◆ PROBLEM DETAILS: What is needed is an exact copy of the whole listing below, with no pictures.

◆ INFORMATION PROVIDED:
===
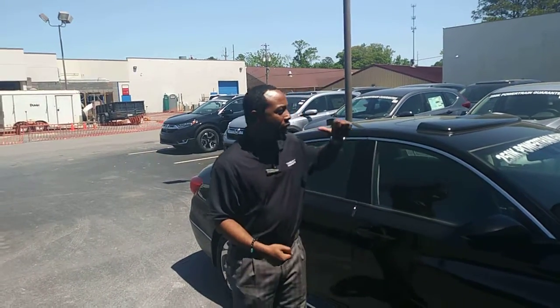Brittany, welcome to Tamron Honda. My name is Julius. I'll be your product specialist assigned to your Honda Accord journey.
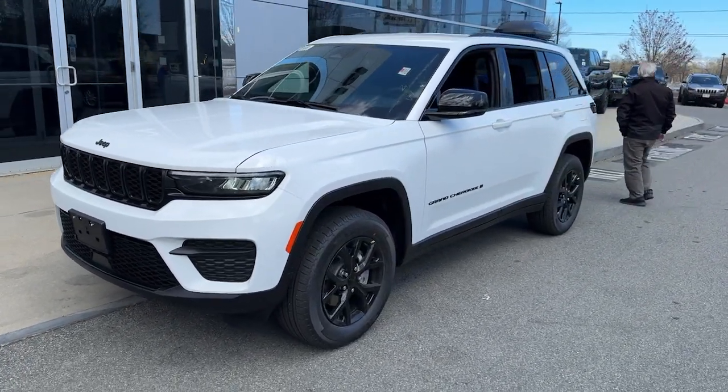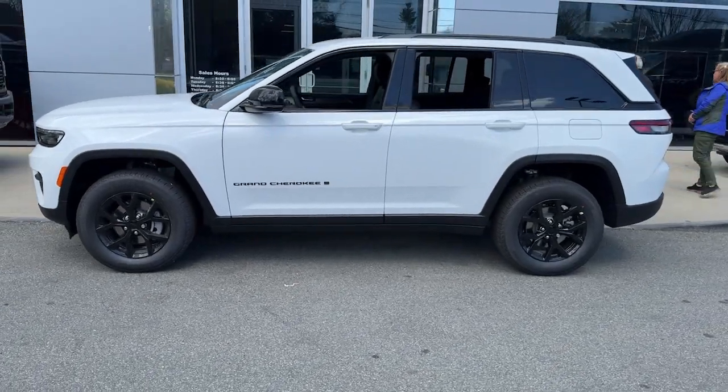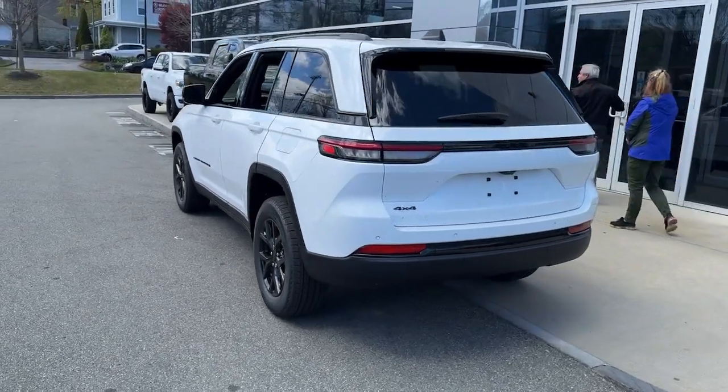Hop into the 2024 Jeep Grand Cherokee. The Grand Cherokee keeps you safe, connected, and entertained while you explore your world in confidence and refined luxury.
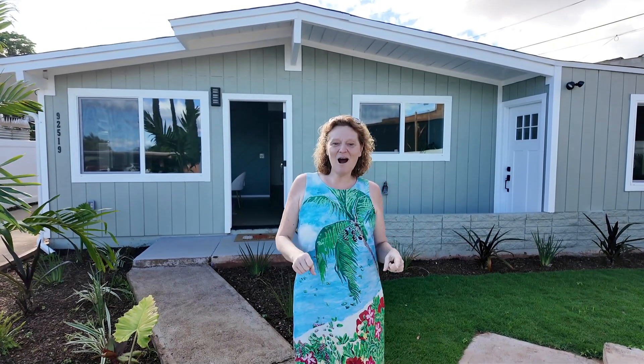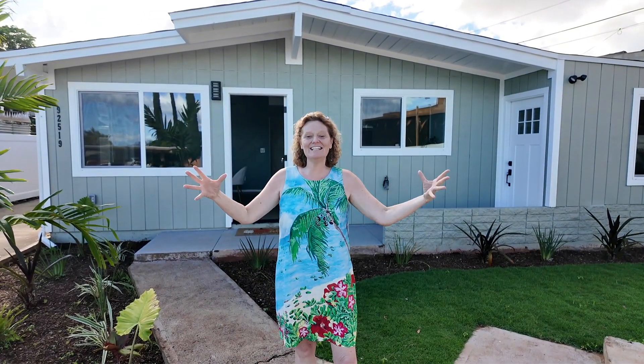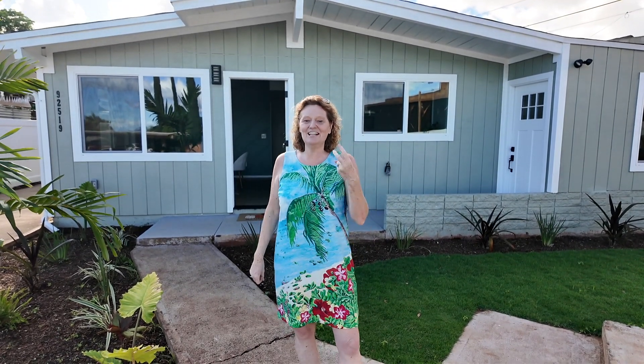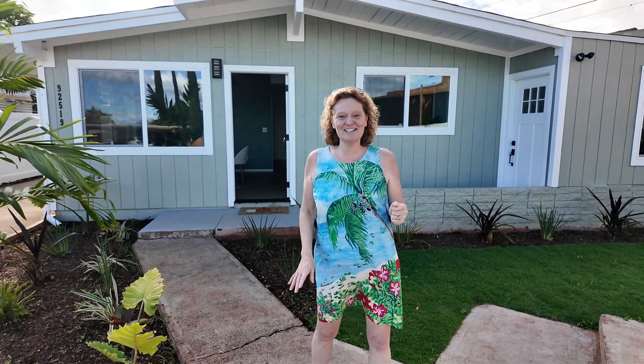Hey, we are here at Owawa Street at this amazing home. It is three bedrooms and two baths on the main floor and two bedrooms and one bath upstairs. It's absolutely incredible. This is Keenan Isley with Team K-Squared. Let's go check out this amazing home.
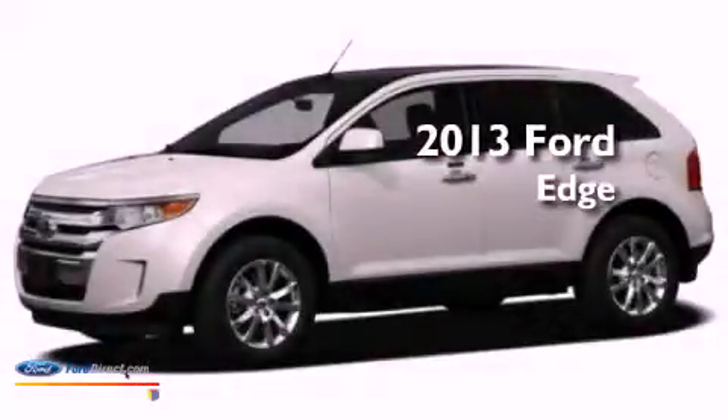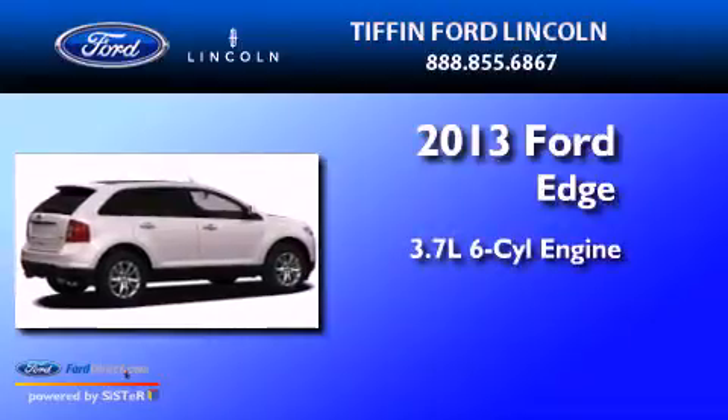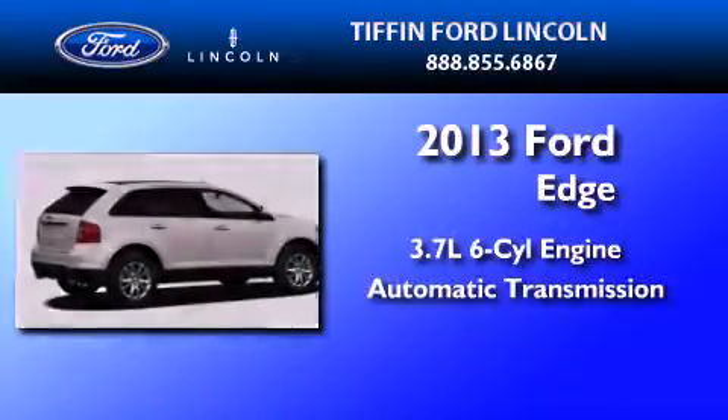This is a brand-new 2013 Ford Edge. It has a 3.7-liter six-cylinder engine and an automatic transmission.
===
◆ RESPONSE:
Brittany, welcome to Tamron Honda. My name is Julius. I'll be your product specialist assigned to your Honda Accord journey.
Hop into the 2024 Jeep Grand Cherokee. The Grand Cherokee keeps you safe, connected, and entertained while you explore your world in confidence and refined luxury.
Hey, we are here at Owawa Street at this amazing home. It is three bedrooms and two baths on the main floor and two bedrooms and one bath upstairs. It's absolutely incredible. This is Keenan Isley with Team K-Squared. Let's go check out this amazing home.
This is a brand-new 2013 Ford Edge. It has a 3.7-liter six-cylinder engine and an automatic transmission.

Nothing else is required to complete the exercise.